Cover of "MHR is Our Home" parish pamphlet
In the spring of 2013, Most Holy Redeemer parish began the "MHR is Our Home" project, gathering parishioner faith journey stories as a Lenten project. Dozens of parishioners responded. For many it was the first time they shared personal details long hidden to others. These are a few that were published in a "MHR is Our Home" pamphlet. Read more about Most Holy Redeemer Church.
Paul Hufstedler: [I] came MHR through its "Reconnecting Program," which helped me deal with some of the issues which caused me to break with the Church many years ago. The process helped me accept the fact that, although I had differences about some matters, I could still call this community home. ... When my faith is shaken, I focus on God's word, on Christ's message of healing, forgiveness and inclusion."
Kevin and Brian Fisher-Paulson: "We got married 25 years ago. In those years we fostered medically at-risk triplets, nursed friends dying of AIDS, helped friends detox from heroin, taken in rescue dogs, and adopted drug exposed, multi-racial foster children. Our family attends Most Holy Redeemer because it's one parish that tries to put Christ's example into action."

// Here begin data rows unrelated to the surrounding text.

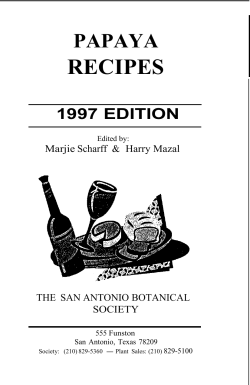 PAPAYA RECIPES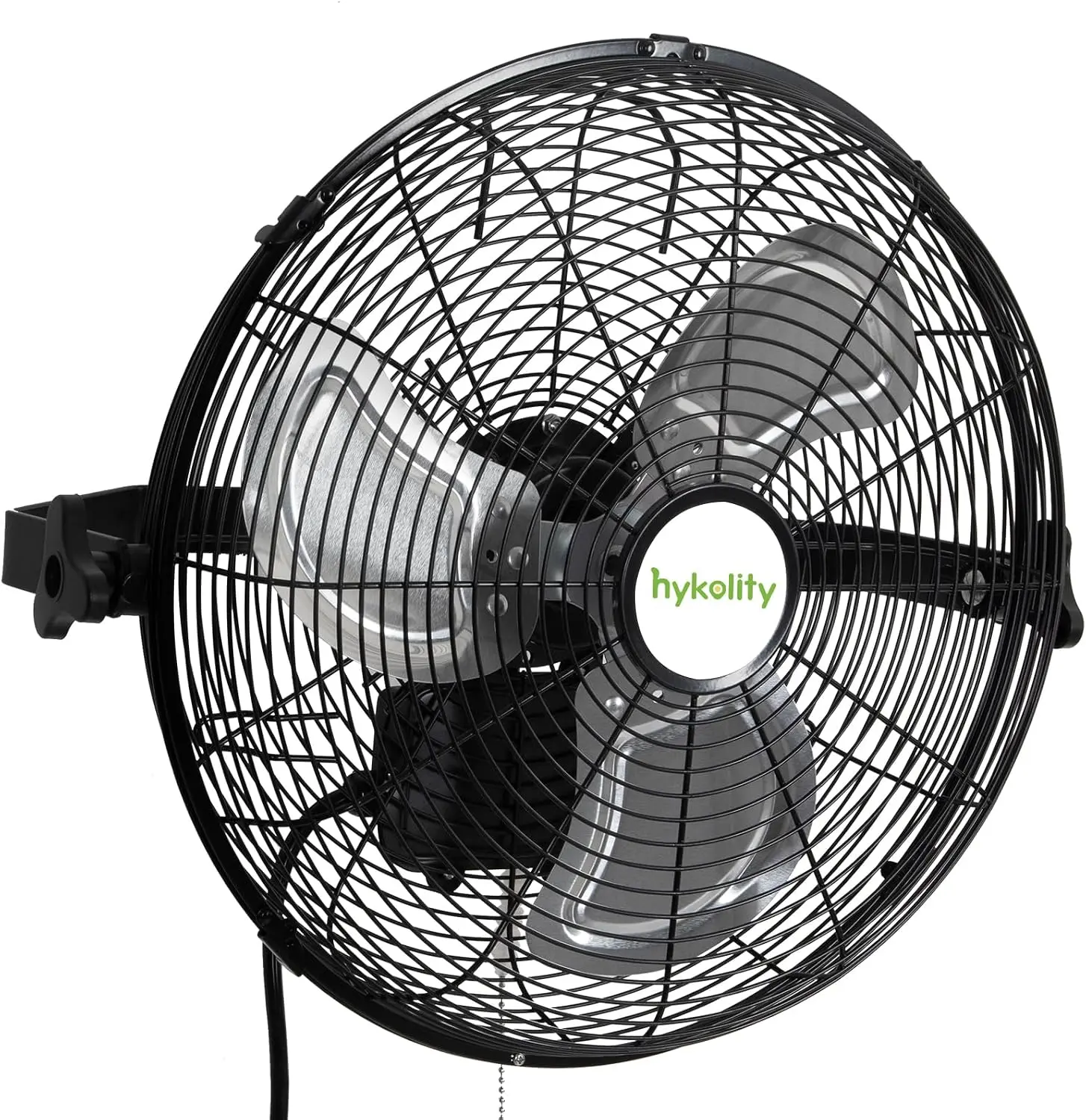 hykolity 3000 CFM 14 in. Outdoor Wall Mount Fan, 3-Speed Industrial Grade High Velocity Outdoor Fans, Black Waterproof Wall Fan for Patio, Garage, Commercial, and Gazebo - ETL Listed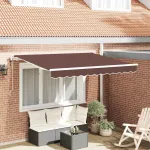 Cortina Retractabilă Maro 300 x 200 cm țesătură GartenMobel Dekor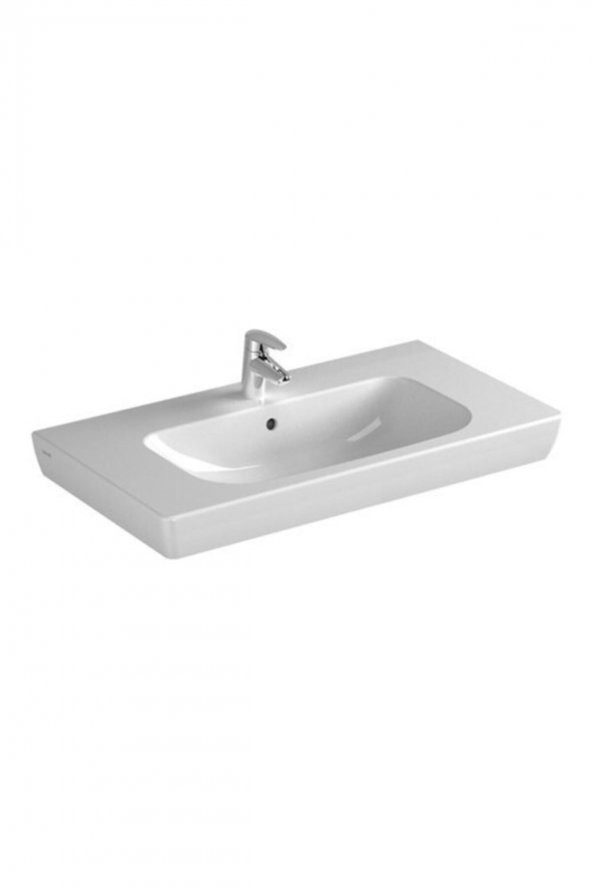 VitrA   S20 5523b003-0001 Beyaz Etajerli Seramik Lavabo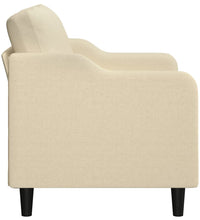 2-Sitzer-Sofa Creme 140 cm Stoff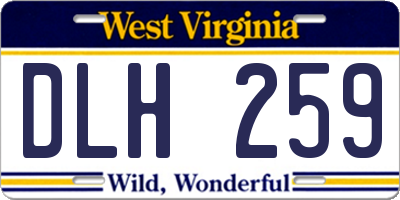 WV license plate DLH259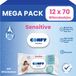Confy Sensitive Billendoekjes - 12 x 70 Stuks - 840 Doekjes - Babydoekjes - Mega Pack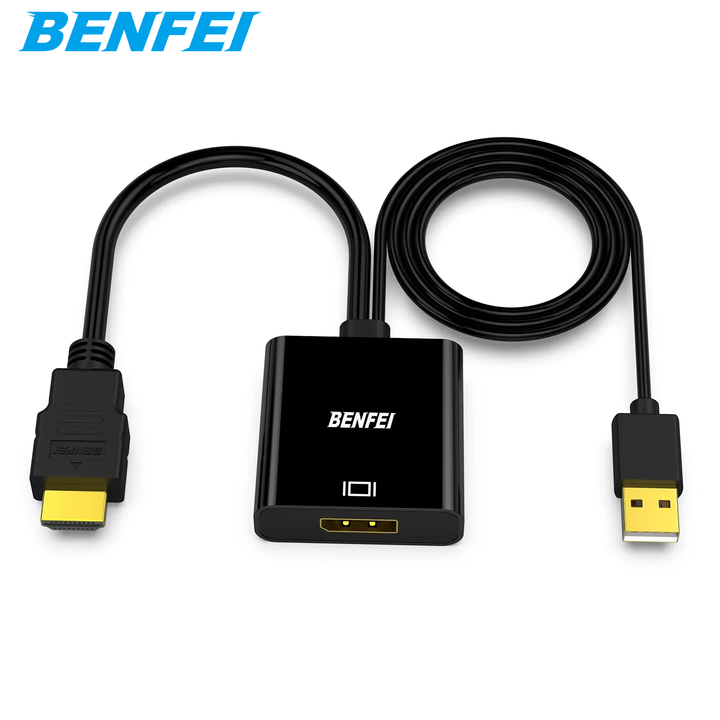 BENFEI  HDMI to DisplayPort, Uni-Directional HDMI (Source) to DisplayPort (Display) Adapter 4K@60Hz/2K@144Hz/1080P@165Hz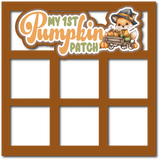 My 1st Pumpkin Patch - 5 Frames - Scrapbook Page Layered Overlay Kit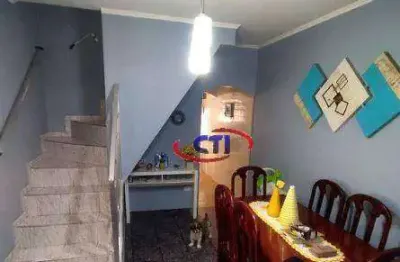 Sobrado com 3 dormitórios à venda, 156 m²  - jardim las vegas - santo andré/sp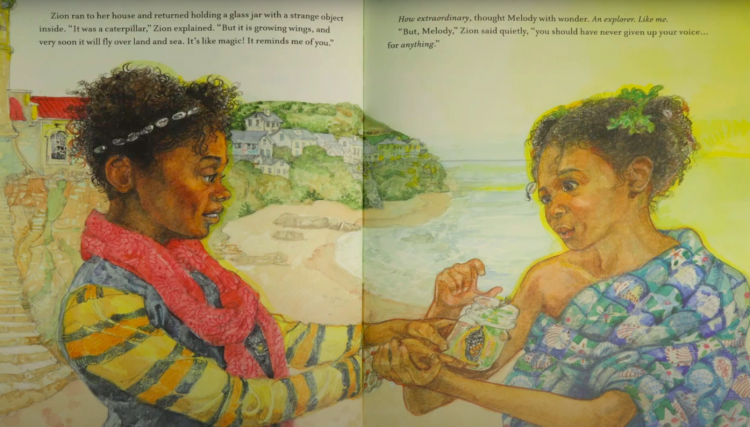 Two young Black girls in "The Little Mermaid" by Jerry Pinkey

Nanette Miller: "I consistently get from my lesbian business associates, how can you stay with all the negative chatter from outside your parish? Well I can and I do because this is my home. I am a practicing Catholic, and I get spiritual fulfillment here. ... Do I get frustrated and upset at times? I do. But if I leave, the negative voices win. This is my spiritual family and I love my family."
Andy Pino: "I came out of the closet, met Jason, and we fell in love. Soon after, I realized that I had become a person of faith staring at the Catholic Church from the outside in. ... For nearly a decade Jason and I were Catholics without a parish. ... We found Most Holy Redeemer online, by reading parish reviews on Yelp. What we found was a community that far exceeded our expectations. The Catholicism I had known and loved as a child was alive in the Castro."
Jacque Grillo: "When DignityUSA was excluded from worshipping in any diocesan space in the late '80s, I ... felt so hurt by the church's rejection that I vowed to never again step foot in a Catholic Church -- and I had a least a hundred good reasons for that decisions. For the next 15 years I was a bit of a spiritual wanderer. ... I returned to Massachusetts to be with my mother who was dying of cancer. I was blessed to spend the last two weeks of her life with her. ... The day before she died, the priest came to bring her Communion. We gathered in a circle and each of us received the host. It was in witnessing the transformative power of the Eucharist that I realized what had been missing in my life. I returned to San Francisco the next week and came here to MHR the very next Sunday. I knew I was home and have been coming ever since."
Ramona Michaels: "I am grateful to God for giving me a real parish community. I delight in the diversity of men, women, gay, straight, families and (my category) the elderly. What better way to live out my life? I'm proud that MHR is my home."
Karen Scott Sullivan: "You might wonder what a single, straight, 20-something female could possibly find here? I would answer EVERYTHING: life, love, joy, compassion, hope, consolation, forgiveness, redemption -- in a word, Christ."
John Sedlander: "Here at Most Holy Redeemer, we often sing as our gathering hymn: 'all are welcome, all are welcome in this place.' So even though I consider myself a friend of Christianity rather than a Catholic Christian, I sense that I can still consider Most Holy Redeemer my spiritual home in this city."